Dezoito anos após virar promessa de campanha do PT, o trem-bala entre São Paulo e Rio de Janeiro acumula um novo adiamento — e nenhum trilho construído. Em relação ao projeto, o PT chega ao fim do terceiro mandato de Lula com uma guinada: a gestão federal agora diz que a obra “não é do governo” e não prevê participação direta no financiamento do projeto. O custo de momento é de R$ 60 bilhões.

A mudança de postura contrasta com décadas de promessas de investimento público na ferrovia de alta velocidade, e soma um novo “atraso” para algo que nunca começou: o início das obras, que chegou a ser anunciado para 2027, foi transferido para 2028. Enquanto isso, o projeto segue sem licença ambiental, sem subsídios definidos e com especialistas alertando que sua viabilidade econômica é “muito difícil de justificar”.

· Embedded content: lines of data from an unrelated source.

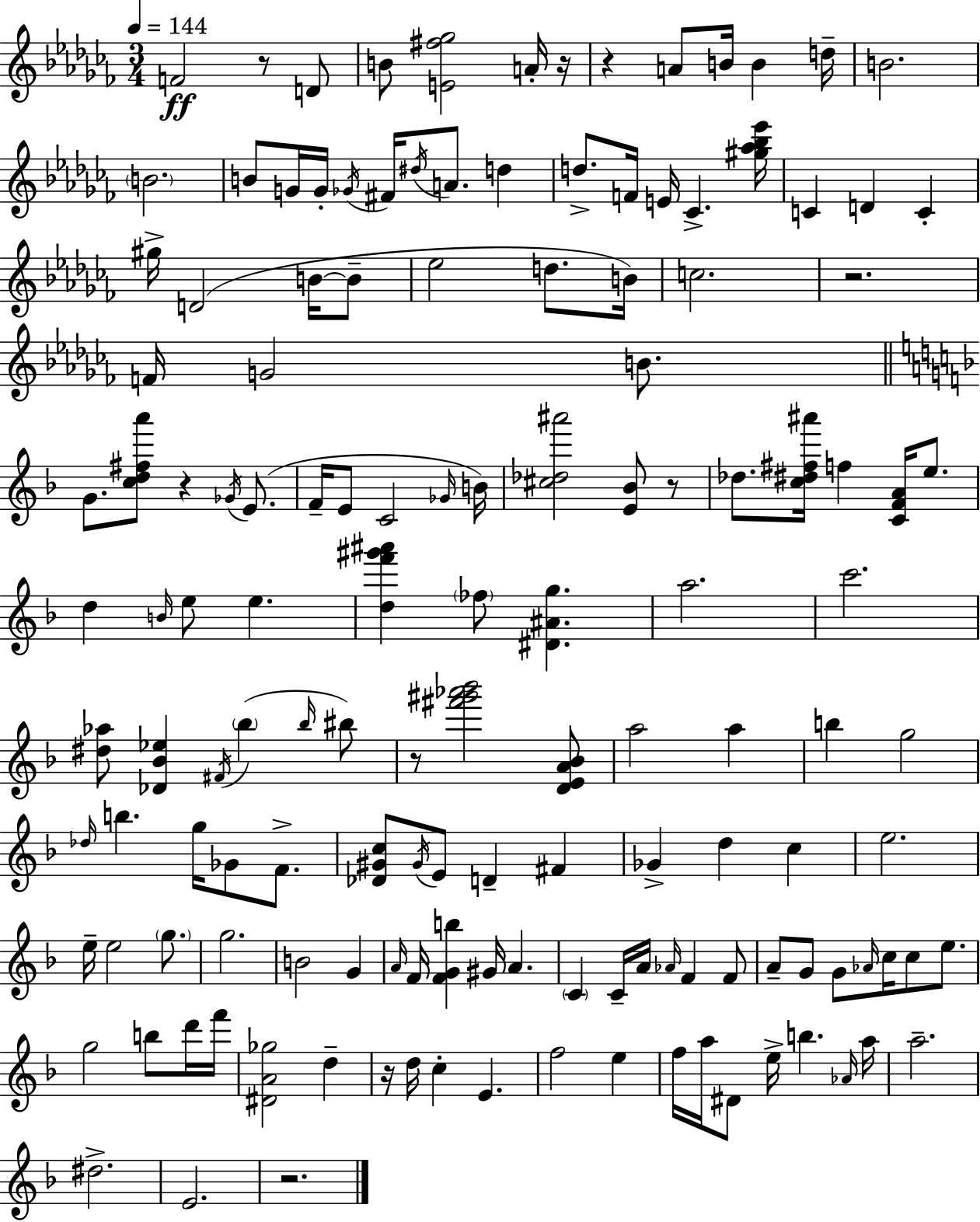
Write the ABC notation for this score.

X:1
T:Untitled
M:3/4
L:1/4
K:Abm
F2 z/2 D/2 B/2 [E^f_g]2 A/4 z/4 z A/2 B/4 B d/4 B2 B2 B/2 G/4 G/4 _G/4 ^F/4 ^d/4 A/2 d d/2 F/4 E/4 _C [^g_a_b_e']/4 C D C ^g/4 D2 B/4 B/2 _e2 d/2 B/4 c2 z2 F/4 G2 B/2 G/2 [cd^fa']/2 z _G/4 E/2 F/4 E/2 C2 _G/4 B/4 [^c_d^a']2 [E_B]/2 z/2 _d/2 [c^d^f^a']/4 f [CFA]/4 e/2 d B/4 e/2 e [df'^g'^a'] _f/2 [^D^Ag] a2 c'2 [^d_a]/2 [_D_B_e] ^F/4 _b _b/4 ^b/2 z/2 [^f'^g'_a'_b']2 [DEA_B]/2 a2 a b g2 _d/4 b g/4 _G/2 F/2 [_D^Gc]/2 ^G/4 E/2 D ^F _G d c e2 e/4 e2 g/2 g2 B2 G A/4 F/4 [FGb] ^G/4 A C C/4 A/4 _A/4 F F/2 A/2 G/2 G/2 _A/4 c/4 c/2 e/2 g2 b/2 d'/4 f'/4 [^DA_g]2 d z/4 d/4 c E f2 e f/4 a/4 ^D/2 e/4 b _A/4 a/4 a2 ^d2 E2 z2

A TAV Brasil, empresa que recebeu autorização da Agência Nacional de Transportes Terrestres (ANTT) para construir e operar o eixo ferroviário de alta velocidade por até 99 anos, estima que a operação com passageiros comece em 2032. A promessa para um dos projetos que entrou para o rol de “lendas urbanas” no país prevê uma ferrovia de 417 quilômetros, em trajeto a ser percorrido em menos de duas horas e velocidade máxima de 320 km/h.

O histórico de discursos renovados alimentou desconfianças ao longo do tempo. Desde o fim dos anos 1980, a ideia do trem-bala para ligar São Paulo ao Rio de Janeiro enfrentou entraves técnicos, jurídicos e comerciais. O projeto passou por diferentes governos, formatos e estruturas institucionais, sem sair do papel.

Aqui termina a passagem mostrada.